Weniger Leistung, längeres Leben
Gemeinsam mit seinen hochkarätigen Kunden experimentiert Michi auch mit Kreuzungen, zum Beispiel aus dem Wagyu-Rind und dem Tuxer. Seit zwanzig Jahren vermarktet der 39-Jährige Söldener sein Premium-Fleisch aus Tirol und beliefert damit nationale und internationale Spitzenköche. Wir werden später auf der Siegerlandhütte ein köstliches Tatar aus Tux-Wagyu-Fleisch essen und ein Gulasch aus dem Fleisch einer 17-jährigen ehemaligen Tuxer Milchkuh. Vielleicht lag es an der Würzung von Hansjörg Ladurner: Der Eintopf schmeckte schon sehr anders, ein wenig streng für Ungeübte.
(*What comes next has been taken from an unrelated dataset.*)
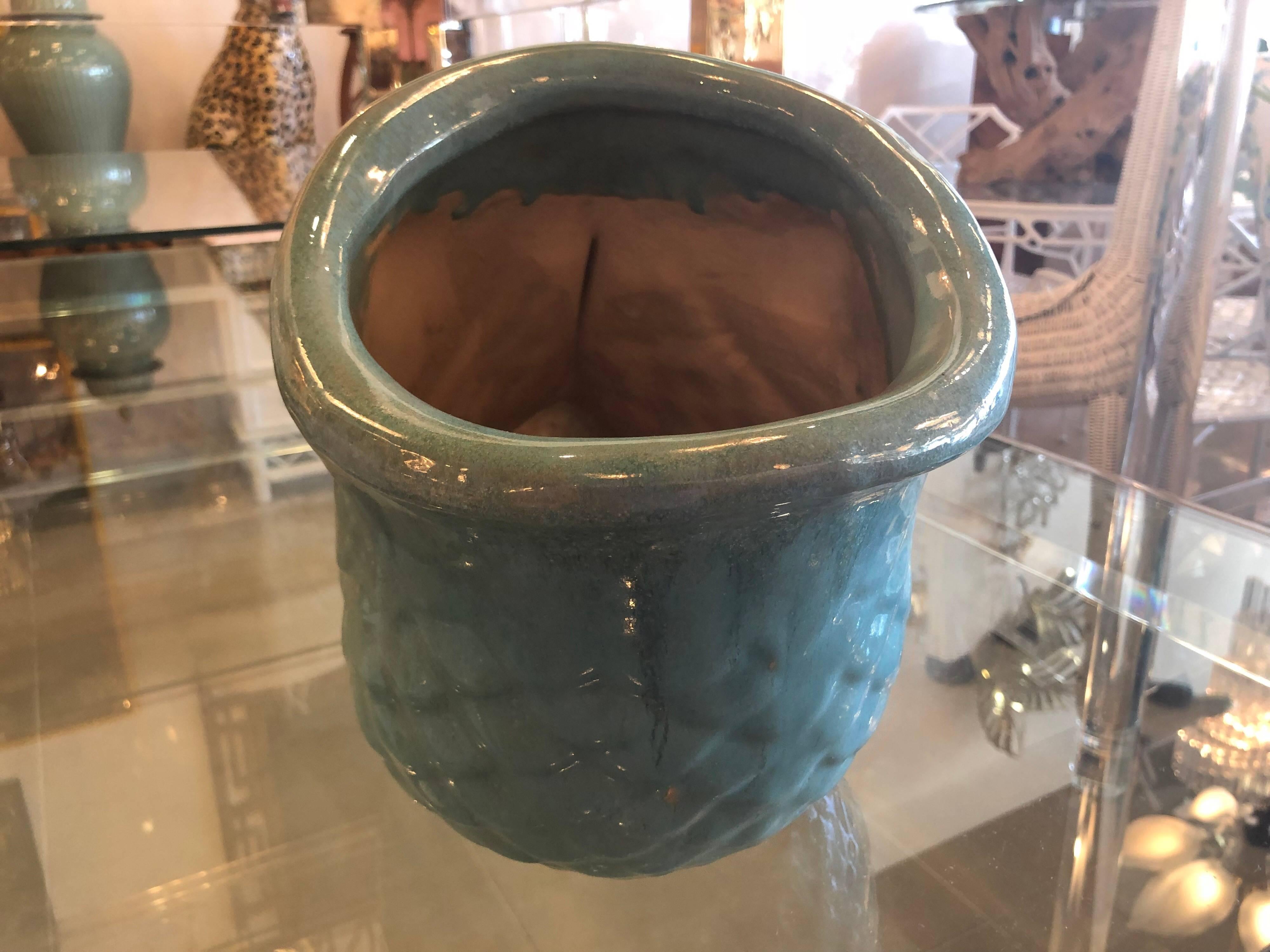 Grand vase vintage émaillé vert poisson jardinière de Palm Beach en vente 3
„Streng“, zumindest ungewohnt schmeckte auch die Rohmilchbutter, die wir am Abend zuvor auf der Gampe Thaya verkosten durften. Hier, auf der „lauten“ Seite des Ötztals, wird mitten im Söldener Skigebiet im Sommer noch eine Alm bewirtschaftet. Draußen laufen 14 Tiroler Grauviecher herum. Von denen stammt die Milch, der Käse und das Rindfleisch, das man hier essen kann. Ein Kaiserschmarrn aus Rohmilch? Köstlich! Ein Carpacchio vom Grauvieh? Sensationell! Sogar die Hauswurst (80% Grauvieh, 20% Schwein) auf „Eingezetteltem Kraut“ (selbstgemachtes Sauerkraut) ist eine durchaus preisgünstige Delikatesse. Die Wirtsleute Prantl betreiben die Alm seit 2000, Wirt und Bauer Jakob Prantl hält nichts von Bio, Tradition ist ihm wichtiger, sein Motto: „Konventionell mit Vernunft“. Sein Grauvieh produziert im Sommer 20.000 Liter Milch, er könnte das Doppelte verkaufen. Aber auch er sagt wie Michi Wilhelm: „Weniger Leistung, längeres Leben, bessere Qualität.“
Molke absennen
Aus Vorarlberg ist zum Koch.Campus Haubenkoch und Kräuterspezialist Thorsten Probost (Burgvitalresort, Lech am Arlberg) angereist. Er verwendet 35 verschiedene Wildkräuter in seiner Küche, auch für Tees. „Küchenfähig“ seien davon 22. Auf der Gampe Thaya nimmt er uns mit in die Vorarlberger Resteverwertung von Molke. Durch „Absennen“ macht man aus ihr den Zirger, einen krümeligen, mit Kräutern gewürzten, deftigen Käse. Nur noch sieben Vorarlberger Bauern wissen, wie man Zirger macht. Den anderen fehlen auch die traditionellen Geräte zur Zirger-Erzeugung. Probost hat auch eine Innovation dabei: einen selbstgemachten Molkeessig. Davon ist Daniel Flammer restlos begeistert. Der Schweizer Buchautor beschäftigt sich mit der Geschichte der Ernährung und des Kochens im alpinen Raum. Auch wenn es bei dieser Veranstaltung vor allem darum gehe, alte kulinarische Traditionen des alpinen Raums wiederzuentdecken und zu beleben: Der Molkeessig sei noch besser. „Das hat es früher gar nicht gegeben“, ruft er. „Das ist ein Superbeispiel dafür, wie innovativ alpine Küche sein kann!“
Innovative alpine Küche
Innovativ sind Michael Wilhelms Züchtungen mit Yaks und Tuxer Rindern auch. Andreas Döllerer hat nach eigener Auskunft zwanzig Versuche gebraucht, bis er für seine gefüllten Sauerampferblätter, die er uns als ersten Gang auf der Siegerlandhütte kredenzt, die richtige Mischung fand. Er kocht seit sieben Jahren „alpine Cuisine“, bei der er nur Produkte aus dem Alpenraum verwendet, darunter auch viele Wildpflanzen wie Lindentriebe, Enzian, Ampfer oder Pilze. „Es gibt oft keine Erfahrungswerte, wir fangen bei Null an“, sagt der Spitzenkoch aus dem Salzburger Land. Er lässt sich von 54 regionalen Produzenten beliefern. „Es wäre einfacher den Großhändler anzurufen – aber am Teller lohnt sich der Mehraufwand.“ Den Großhändler braucht er trotzdem. Denn im Salzburger Raum gibt es keine Gemüsebauern. Deshalb stammt sein Gemüse aus Oberitalien oder Ostösterreich.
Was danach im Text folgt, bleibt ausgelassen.